Both men fell back as I filled the space between them. They huffed, puffed, and glared at each other. Klaus had berated Turtle before but looked ready to throttle him at a moment’s notice. But I couldn’t ignore the pain in my own bladder any longer, especially with the smell of urine permeating the stale air around me.

Drawn toward the bathroom, I said, “Big bad or no big bad, I’ve gotta piss.”

“Don’t go in there!” Both men cautioned.

“At least ya’ll agree on something.”

My smartass comment hung in the air, like the foul reminder of Klaus’s piddle party in the potty, as I entered the freezing confines of the tiny bathroom. My breath turned to frost before me; the cold caused my bloated bladder to cramp tighter. Ignoring the mirror over the sink, I stood over the urine-soaked toilet and shook my head.

I sighed with relief as the hot stream burst forth and splattered against the inside of the porcelain bowl. As release turned to relief, I groaned and closed my eyes.

“How do you ever expect to pleasure a woman with that wee little piggy, piggy?” An eerily familiar voice asked before chuckling at my expense.

Startled, I flinched and felt warm liquid coat my fingers, crotch, and inner thigh. Looking around, I saw no one but me and my reflection.

“Were you sick bastards watching me pee?” I called out to my friends.

Before either of them could answer, my image in the looking glass replied, “Nope. That was all me, piggy.” And then it waggled its tongue and a single pinkie.

I’d made faces in the mirror before but never with piss dribbling down my leg. As I backed toward the door, I restored my modesty to its damp shelter. But I didn’t dare divert my eyes from my doppelganger. Though the image didn’t say anything else, it stood stock still until I lost sight of it upon egress from the noxious bathroom.

Klaus said, “Not so easy to piss while taunting yourself is it?”

Shaking my head, I mumbled, “Felt like gym class.”

“Whatever it is, we have to get rid of this thing.”

“Get rid of it? Let’s get the hell out of here?”

“We could always call Ghostbusters?” Turtle interjected.

“Shut it, Turtle.” Klaus snapped. Turning to me, he added, “I don’t have the luxury of leaving; I live here.”

“Pull back and nuke the site from orbit. Only way to be sure.”

“Stop quoting movies, Turtle,” Klaus fumed. “You did this. Now fix it.”

“Me? I didn’t do anything. I merely facilitated. That thing was in your dreams already; you were carrying it around with you before you met either of us. For all I know, you were born with it. Or maybe it was Maybelline.”

“You think this is funny!” Klaus snatched Turtle by the collar of his work shirt and shook him. “You unleash some pissed off demon in my house and it’s my fault.”

“Better pissed off than pissed on,” Turtle quipped.

“Enough!” I shouted. First one and then the other squabbling man-child fell silent. “We’re going to my house, getting my pipe, and coming back to kick some spiritual ass.”

“Dude, now is not the time to get high.”

I slapped Klaus then. Hard. He stared at me, mouth agape for a long moment. I thought he might swing on me, but shock and slight damage had silenced him.

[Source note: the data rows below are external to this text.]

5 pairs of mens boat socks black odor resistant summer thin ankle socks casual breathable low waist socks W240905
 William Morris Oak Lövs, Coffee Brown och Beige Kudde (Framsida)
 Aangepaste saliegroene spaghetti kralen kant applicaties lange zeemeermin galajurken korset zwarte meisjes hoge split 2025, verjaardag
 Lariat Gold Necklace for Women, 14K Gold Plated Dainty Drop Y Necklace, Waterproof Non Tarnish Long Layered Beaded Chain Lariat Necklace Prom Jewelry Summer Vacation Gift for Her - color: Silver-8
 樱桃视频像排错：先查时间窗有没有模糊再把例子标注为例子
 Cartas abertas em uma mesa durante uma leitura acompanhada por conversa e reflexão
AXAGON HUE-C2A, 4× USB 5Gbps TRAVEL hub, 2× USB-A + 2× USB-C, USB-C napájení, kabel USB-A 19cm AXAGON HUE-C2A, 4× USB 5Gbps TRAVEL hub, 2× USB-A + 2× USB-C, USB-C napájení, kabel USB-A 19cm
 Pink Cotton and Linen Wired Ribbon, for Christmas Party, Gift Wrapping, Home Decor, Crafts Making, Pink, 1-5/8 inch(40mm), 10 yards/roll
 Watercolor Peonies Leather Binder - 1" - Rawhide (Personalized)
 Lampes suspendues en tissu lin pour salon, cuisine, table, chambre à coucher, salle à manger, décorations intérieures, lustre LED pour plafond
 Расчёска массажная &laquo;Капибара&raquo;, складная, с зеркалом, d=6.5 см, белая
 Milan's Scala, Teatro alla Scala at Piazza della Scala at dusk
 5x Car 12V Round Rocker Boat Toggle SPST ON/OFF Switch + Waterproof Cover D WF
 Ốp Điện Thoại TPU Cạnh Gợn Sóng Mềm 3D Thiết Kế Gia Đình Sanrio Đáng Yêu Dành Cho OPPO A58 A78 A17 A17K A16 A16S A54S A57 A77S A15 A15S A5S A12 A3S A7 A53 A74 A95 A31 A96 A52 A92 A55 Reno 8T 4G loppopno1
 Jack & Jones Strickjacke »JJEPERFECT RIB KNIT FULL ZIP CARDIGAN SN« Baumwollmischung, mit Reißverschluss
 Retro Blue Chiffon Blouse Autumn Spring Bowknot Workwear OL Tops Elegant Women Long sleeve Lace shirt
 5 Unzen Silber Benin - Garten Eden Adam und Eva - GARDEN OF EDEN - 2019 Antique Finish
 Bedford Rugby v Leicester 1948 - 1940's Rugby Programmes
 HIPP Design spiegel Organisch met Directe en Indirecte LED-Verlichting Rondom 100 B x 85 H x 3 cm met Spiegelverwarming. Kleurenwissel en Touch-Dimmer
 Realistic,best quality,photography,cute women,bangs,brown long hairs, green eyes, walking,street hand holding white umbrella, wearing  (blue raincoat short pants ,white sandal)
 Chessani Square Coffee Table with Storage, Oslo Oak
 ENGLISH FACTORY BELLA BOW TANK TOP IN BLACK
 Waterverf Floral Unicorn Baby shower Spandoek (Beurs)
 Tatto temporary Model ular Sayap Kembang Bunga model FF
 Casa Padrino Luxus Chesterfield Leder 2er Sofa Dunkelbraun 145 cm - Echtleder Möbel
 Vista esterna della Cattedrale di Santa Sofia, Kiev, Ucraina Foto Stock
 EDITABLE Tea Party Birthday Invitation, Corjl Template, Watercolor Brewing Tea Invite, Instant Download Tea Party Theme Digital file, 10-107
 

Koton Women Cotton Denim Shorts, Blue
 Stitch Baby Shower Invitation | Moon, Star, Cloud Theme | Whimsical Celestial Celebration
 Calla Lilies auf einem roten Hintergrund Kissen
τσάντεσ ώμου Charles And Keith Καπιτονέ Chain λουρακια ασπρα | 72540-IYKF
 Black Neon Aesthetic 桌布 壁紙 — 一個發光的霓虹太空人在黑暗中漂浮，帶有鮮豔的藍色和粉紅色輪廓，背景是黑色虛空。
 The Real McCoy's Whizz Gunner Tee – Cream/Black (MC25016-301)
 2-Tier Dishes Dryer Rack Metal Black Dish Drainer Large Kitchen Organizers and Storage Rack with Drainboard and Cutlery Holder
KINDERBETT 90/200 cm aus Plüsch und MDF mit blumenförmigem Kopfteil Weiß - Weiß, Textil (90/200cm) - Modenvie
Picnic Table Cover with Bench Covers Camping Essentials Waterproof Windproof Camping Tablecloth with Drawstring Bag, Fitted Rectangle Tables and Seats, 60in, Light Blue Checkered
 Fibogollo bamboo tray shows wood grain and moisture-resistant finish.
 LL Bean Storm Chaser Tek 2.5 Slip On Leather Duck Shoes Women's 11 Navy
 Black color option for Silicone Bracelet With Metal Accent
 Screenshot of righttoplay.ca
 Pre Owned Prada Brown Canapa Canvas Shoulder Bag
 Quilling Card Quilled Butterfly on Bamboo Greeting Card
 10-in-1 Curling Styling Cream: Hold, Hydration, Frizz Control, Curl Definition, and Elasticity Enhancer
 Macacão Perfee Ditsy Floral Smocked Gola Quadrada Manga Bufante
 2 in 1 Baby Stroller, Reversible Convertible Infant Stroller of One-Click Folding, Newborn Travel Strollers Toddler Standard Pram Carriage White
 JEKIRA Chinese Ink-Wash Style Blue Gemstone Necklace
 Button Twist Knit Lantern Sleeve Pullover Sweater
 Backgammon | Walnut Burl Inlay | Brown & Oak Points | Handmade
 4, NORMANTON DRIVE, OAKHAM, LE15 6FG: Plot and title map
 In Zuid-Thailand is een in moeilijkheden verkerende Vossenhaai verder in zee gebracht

“What’d you do that for?” Klaus stammered as he held his jaw. From the way his bottom lip jutted out from its companion, you’d think I’d punched him in the mouth.

“Clearly, you were hysterical. Don’t let me ever hear you say that anything like that again. It’s always the right time to get high. But I wasn’t talking about that kind of pipe. Come with me, I’ll explain later.”

The trip over curvy country roads through the north end of the county passed in silence. I left the Turtle and Klaus in my silver, rust, and primer Hell Camino as I went inside the century old farmhouse atop the hill. Returning minutes later clad in a fresh pair of jeans, I placed the bulky doe skin medicine bundle in the trunk of the pickup car.

“What’s that?” Klaus asked as I crowded in beside him.

“A spiritual hammer,” Turtle answered for me.

“Let’s hope it’s big enough for the big bad,” I said, slinging gravel behind us.

I broke down the plan for them on the way back to town. In the process, I revealed some of my past, including my spiritual upbringing. Parts of my life I’d kept locked away from my college friends. I told them about my summers on the reservation, visiting distant relatives, and reconnecting with my roots through my medicine father, a close friend of my Lakota family.

The mixed blood Oglala man had taught me the rites and rituals associated with the chanupa wakan, the Sacred Pipe. Though most of them involved prayers of gratitude and offerings to the universe’s mysteries, both great and small, one of them involved a ceremony designed to cleanse people, places, and objects of corrupting energies. But would it cleanse a home of an unwanted intruder from my friend’s dreamscape? Time would tell, but I didn’t tell that to either of my companions. I needed them to believe not doubt the efficacy of the ceremony.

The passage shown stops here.